Sinkt der Milchpreis am Markt bis April auf 30 Ct/kg, dann hat man sich einen Börsengewinn von 3,7 Ct/kg gesichert und kann den niedrigeren Rohmilchpreis der Molkerei kompensieren. Wenn der Preis bis April 2013 allerdings auf 37,4 Cent steigt, hat man Pech gehabt und bleibt auf den kontraktierten 33,7 Cent sitzen, hat aber immerhin für ein halbes Jahr Planungs- und Preissicherheit.
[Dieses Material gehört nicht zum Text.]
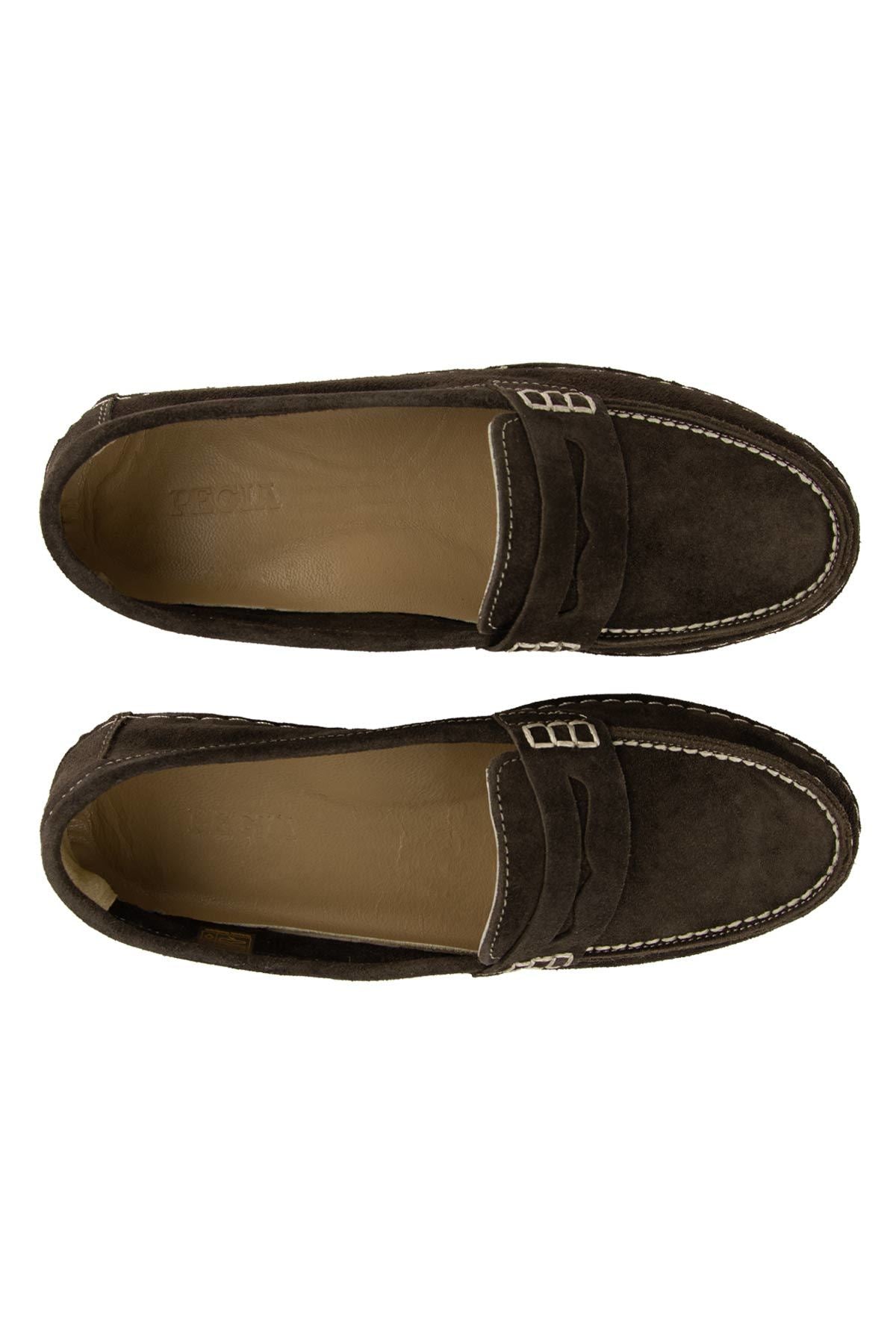 Süet Klasik Kadın Loafer DG6107 Kahve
Über die Molkerei absichern?

Der Handel am Milchterminmarkt erfordert allerdings Wissen, Erfahrung und vor allem Zeit. Der Aufwand lohnt sich erst, wenn größere Milchmengen abzusichern sind. Im genannten Beispiel sind mindestens 100 000 kg Rohmilch pro Monat nötig. Nur wenige Milcherzeuger haben diese Größe. Dennoch kann die Absicherung des Milchpreises über die Warenterminbörse auch für kleine und mittlere Erzeuger interessant sein, wenn die Milch gebündelt wird. Genossenschaftliche Molkereien oder Milcherzeugergemeinschaften könnten diese Aufgabe als Dienstleister übernehmen.


Das setzt aber voraus, dass der Terminmarkt auch gut funktioniert. Seit dem Start im Mais 2010 wurden nur 1040 Butter- und 115 Pulver-Kontrakte in Frankfurt gehandelt. Die Umsätze sind also noch viel zu gering, um den Preis systematisch abzusichern.


In den USA ist man da schon weiter. Täglich werden an der CME in Chicago im Schnitt 1 000 Class-III-Milk-Kontrakte (Käsereimilch) gehandelt. Das entspricht 90 000 t Milch. Pro Jahr wird damit knapp ein Viertel der US-Milch über die Börse abgesichert (s. Übersicht 3).


Kosten kennen.

Der Terminhandel läuft aber nicht ohne Kosten und Risiken. Aufpassen müssen Marktteilnehmer bei der Finanzierung der Kontrakte. So verlangt die Bank beim Börsenhandel Sicherheiten (Initial Margin) als Rücklage. Derzeit liegt die Margin je Butter-Kontrakt bei 1 375 € und bei MMP bei 980 €. Änderungen sind jederzeit möglich. Hinzu kommt die Nachschuss-Margin (Variation Margin) die bei ungünstiger Preisentwicklung fällig wird. Es ist die Differenz aus dem abgesicherten Preis und dem täglichen Schlusskurs.


Auch das Basisrisiko sollte jeder kennen. Die Basis ist die Differenz zwischen dem Kassapreis der Molkerei und dem Rohstoffwert, der sich aus Börsennotierung für Butter und MMP ergibt. Wer z. B. heute im steigenden Markt für umgerechnet 34 Ct/kg Milch im April 2013 absichert, verliert an der Börse Geld, wenn der Terminpreis auf 38 Cent anzieht. Theoretisch bekommt er aber über das Milchgeld den höheren Preis, so dass er unterm Strich die abgesicherten 34 Cent erlöst. Das Problem: Das Milchgeld steigt meistens langsamer als die Börsenkurse und er bekommt vielleicht nur 36 statt 38 Ct/kg Milch von der Molkerei. Weil er seine Kontrakte trotzdem für 38 Ct zurückkaufen muss, hätte er am Ende zwei Cent weniger als geplant.


Abgesehen von den Risiken und den hinterlegten Sicherheiten kostet auch der Börsenhandel Geld. Die Beträge sind unterschiedlich und liegen umgerechnet etwa bei 0,2 bis 0,3 Ct/kg Milch.